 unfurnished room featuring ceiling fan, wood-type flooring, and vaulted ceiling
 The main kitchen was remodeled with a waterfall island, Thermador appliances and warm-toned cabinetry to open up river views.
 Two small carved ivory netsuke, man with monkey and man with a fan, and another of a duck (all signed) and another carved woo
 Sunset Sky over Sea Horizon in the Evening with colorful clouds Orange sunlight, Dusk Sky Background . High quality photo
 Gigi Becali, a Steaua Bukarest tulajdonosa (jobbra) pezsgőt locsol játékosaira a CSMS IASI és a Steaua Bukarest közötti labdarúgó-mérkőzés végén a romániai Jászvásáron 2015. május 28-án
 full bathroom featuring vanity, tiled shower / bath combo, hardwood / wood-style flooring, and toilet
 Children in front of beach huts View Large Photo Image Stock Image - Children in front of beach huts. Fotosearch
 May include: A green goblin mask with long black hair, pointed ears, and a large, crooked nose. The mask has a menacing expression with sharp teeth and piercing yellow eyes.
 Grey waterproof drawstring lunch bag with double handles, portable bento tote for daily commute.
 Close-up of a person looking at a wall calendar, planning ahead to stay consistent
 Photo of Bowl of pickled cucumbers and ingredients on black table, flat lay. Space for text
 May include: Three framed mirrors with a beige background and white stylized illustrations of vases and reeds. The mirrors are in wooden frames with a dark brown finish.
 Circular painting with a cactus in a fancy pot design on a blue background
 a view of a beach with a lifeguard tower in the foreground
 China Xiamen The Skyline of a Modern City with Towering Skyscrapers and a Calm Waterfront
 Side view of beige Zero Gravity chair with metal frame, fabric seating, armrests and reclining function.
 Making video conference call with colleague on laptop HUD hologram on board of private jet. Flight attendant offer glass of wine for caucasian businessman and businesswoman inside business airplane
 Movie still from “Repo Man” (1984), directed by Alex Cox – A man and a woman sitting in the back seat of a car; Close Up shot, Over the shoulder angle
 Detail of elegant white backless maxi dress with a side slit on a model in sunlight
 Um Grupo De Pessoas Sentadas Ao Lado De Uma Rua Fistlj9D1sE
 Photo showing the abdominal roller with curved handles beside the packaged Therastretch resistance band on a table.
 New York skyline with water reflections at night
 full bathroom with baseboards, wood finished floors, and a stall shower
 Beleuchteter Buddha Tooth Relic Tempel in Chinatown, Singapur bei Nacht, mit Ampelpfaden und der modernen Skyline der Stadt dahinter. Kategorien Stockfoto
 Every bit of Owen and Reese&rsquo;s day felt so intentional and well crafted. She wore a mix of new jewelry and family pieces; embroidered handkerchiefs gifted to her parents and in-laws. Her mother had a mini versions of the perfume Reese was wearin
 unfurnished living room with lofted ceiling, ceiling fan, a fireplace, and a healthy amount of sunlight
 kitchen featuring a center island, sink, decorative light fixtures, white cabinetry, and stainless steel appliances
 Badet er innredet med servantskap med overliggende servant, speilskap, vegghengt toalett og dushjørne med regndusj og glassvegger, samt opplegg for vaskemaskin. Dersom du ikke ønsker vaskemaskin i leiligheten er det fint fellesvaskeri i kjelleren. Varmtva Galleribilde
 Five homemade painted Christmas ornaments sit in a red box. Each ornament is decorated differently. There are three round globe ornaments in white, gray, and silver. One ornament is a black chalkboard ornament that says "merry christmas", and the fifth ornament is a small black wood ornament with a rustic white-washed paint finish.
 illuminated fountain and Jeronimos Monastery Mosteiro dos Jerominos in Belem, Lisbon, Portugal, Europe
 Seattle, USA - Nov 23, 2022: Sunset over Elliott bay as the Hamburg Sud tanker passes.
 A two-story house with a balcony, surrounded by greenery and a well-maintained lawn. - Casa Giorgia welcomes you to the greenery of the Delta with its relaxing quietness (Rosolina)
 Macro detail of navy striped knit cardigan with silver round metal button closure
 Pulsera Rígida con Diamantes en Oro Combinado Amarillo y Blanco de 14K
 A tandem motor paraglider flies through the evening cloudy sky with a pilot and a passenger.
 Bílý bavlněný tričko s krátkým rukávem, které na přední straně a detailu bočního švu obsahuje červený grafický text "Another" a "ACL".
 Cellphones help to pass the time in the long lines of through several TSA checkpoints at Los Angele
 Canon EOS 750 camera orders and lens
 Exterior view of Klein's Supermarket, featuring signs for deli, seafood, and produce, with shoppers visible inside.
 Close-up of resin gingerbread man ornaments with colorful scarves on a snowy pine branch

Requirement: Repeat the entries verbatim through the line with "May include: A".

Output for this exercise:
 unfurnished room featuring ceiling fan, wood-type flooring, and vaulted ceiling
 The main kitchen was remodeled with a waterfall island, Thermador appliances and warm-toned cabinetry to open up river views.
 Two small carved ivory netsuke, man with monkey and man with a fan, and another of a duck (all signed) and another carved woo
 Sunset Sky over Sea Horizon in the Evening with colorful clouds Orange sunlight, Dusk Sky Background . High quality photo
 Gigi Becali, a Steaua Bukarest tulajdonosa (jobbra) pezsgőt locsol játékosaira a CSMS IASI és a Steaua Bukarest közötti labdarúgó-mérkőzés végén a romániai Jászvásáron 2015. május 28-án
 full bathroom featuring vanity, tiled shower / bath combo, hardwood / wood-style flooring, and toilet
 Children in front of beach huts View Large Photo Image Stock Image - Children in front of beach huts. Fotosearch
 May include: A green goblin mask with long black hair, pointed ears, and a large, crooked nose. The mask has a menacing expression with sharp teeth and piercing yellow eyes.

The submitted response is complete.